For part throttle operation, a secondary bypass is used. The pump can deliver the full fuel requirement at partial RPM and full throttle, but this is more than what is needed at part throttle operation, and needs to be bypassed to prevent an over rich condition at part throttle. The secondary bypass is usually a valve that is controlled by spring pressure. A spring of a given stiffness, and shims are used to adjust it. It's function is the same as the main bypass, but it performs the same job in a different way.
The throttle plates regulate the air flow into the engine, and are linked to the barrel valve. Electronic fuel injection uses a single throttle plate feeding a plenum to regulate air flow, while a mechanical usually has one plate per cylinder for regulating the air flow. The electronic has a single plate to keep things simpler, since the computer reads the throttle position to help adjust the fuel mixture.
Finally, there's the injectors. The injectors are sized to meet the fuel requirements of the engine.
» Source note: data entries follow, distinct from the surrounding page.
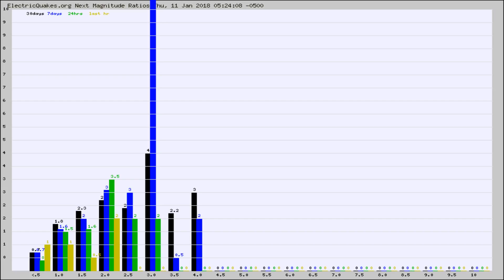Again, the black column is 30 days, blue is 7, green is 24 hours, and gold is in the last hour.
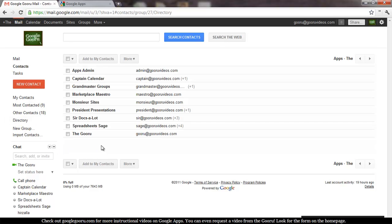So I'm in the directory now, and you can see that it's actually only people on the guruvideos.com domain. That's because our company doesn't really have any contacts outside of the company yet. We're just working together. But if anyone in your company had added anyone else, any other email address to their contacts list, those people would show up here. So that's how it works.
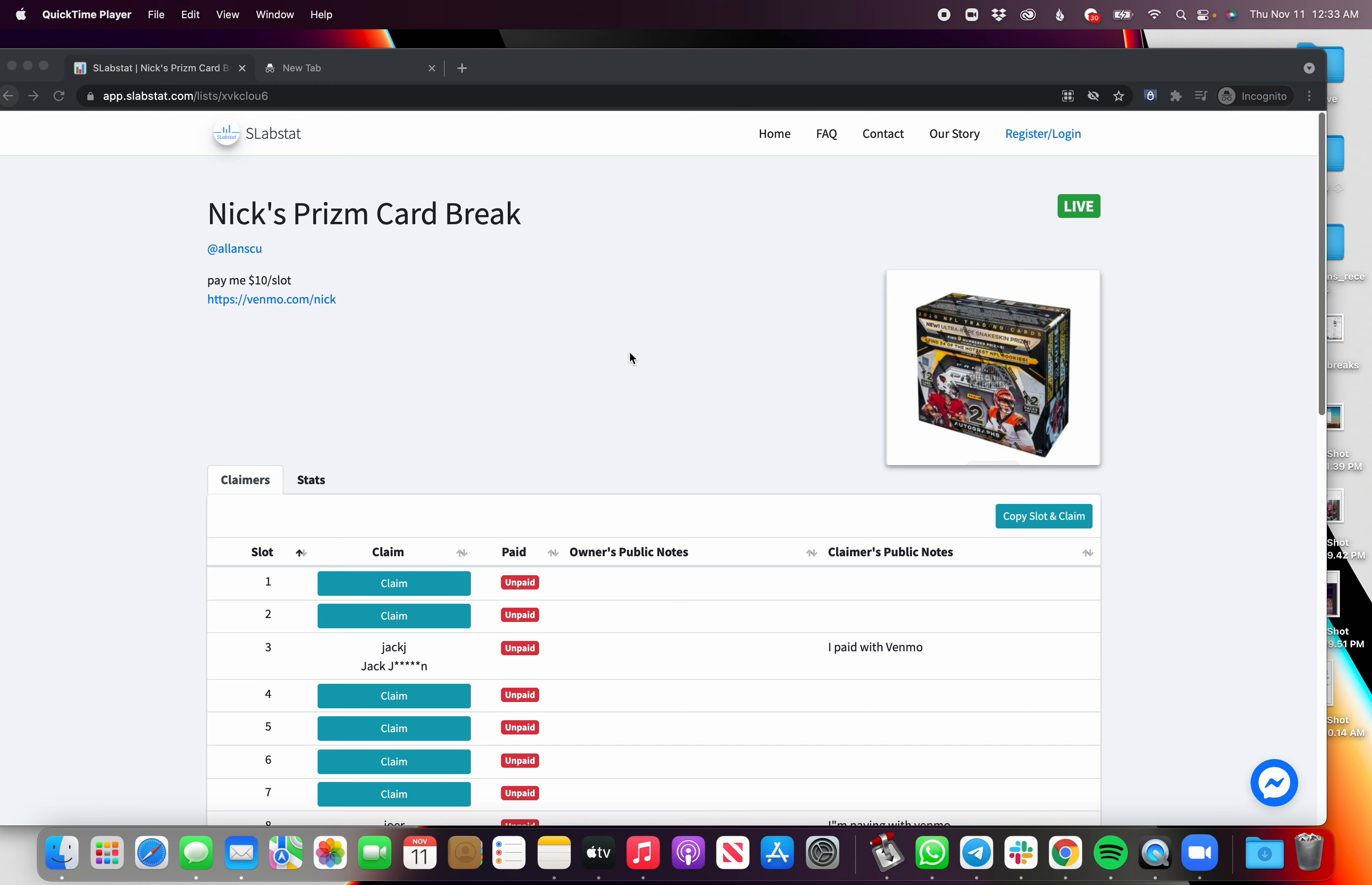Hi, I'm Alan and I'm one of the creators of Slabstat. Slabstat is a card breaking software tool that card breakers use to streamline all their card breaks and stay organized.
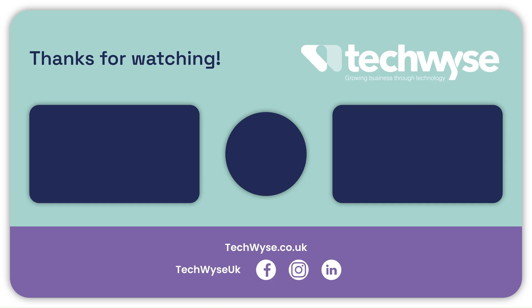And that's it. If you like this video and want to see more, subscribe to our channel and hit the notification bell. See you in the next one.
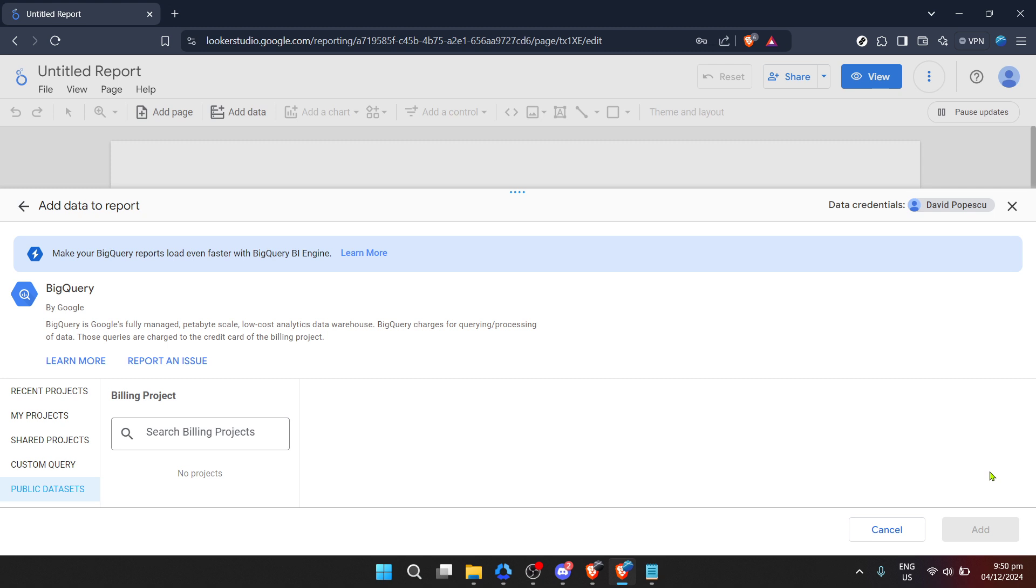That's all for now. By following these steps, you're well on your way to leveraging the powerful combination of Looker and BigQuery to drive your data analytics and visualization to new heights. Keep experimenting, learning, and most importantly, visualizing your data in ways that best serve your objectives. Happy analyzing.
On a mechanical system, the injectors are delivering fuel constantly, where as on an electronic system, the injectors are pulsed to deliver the correct amount of fuel.
Both mechanical and electronic fuel injection systems can be sequential, however, the mechanical version is quite complex, and needs some very expensive equipment to set it up properly. The electronic sequential systems come in several varieties, and range widely in expense. The most common sequential system pulses four injectors, on a V8 engine, at a time. They are designed this way to cut down on the expense of having to have a lot of extra wiring, and better computer. The true sequential system, one that pulses the injector only when the intake stroke on that cylinder is occurring, can run $15,000 or more.
One other difference between mechanical and most electronic systems, is the intake Ram Tubes. As we said earlier, most of the electronic fuel injections have a single throttle plate to regulate the air flow. The mechanical systems have one plate per cylinder, and can therefore use a Ram Tube on each cylinder. The Ram Tube is made to a certain length in order to take advantage of harmonics in the intake pulses. This can actually compress the incoming air, and give an efficiency of greater than 100%. The Ram Tube has to be made to the proper length for the RPM the engine will produce the most power at.
Whether its a carburator, or fuel injection, if your buying it used, check it out thoroughly. For carbs, look for signs of water in the float bowl, and check the base plate for warps. Make sure all the linkage is still tight, and not bent or damaged. For fuel injection, the barrel valve and pump need to be checked. You'll probably have to send them off for this test, unless there is some one in your area that can do it properly. Also, for fuel injection, unless you have a great deal of experience with a mechanical system, don't try to piece one together. The results could be disappointing.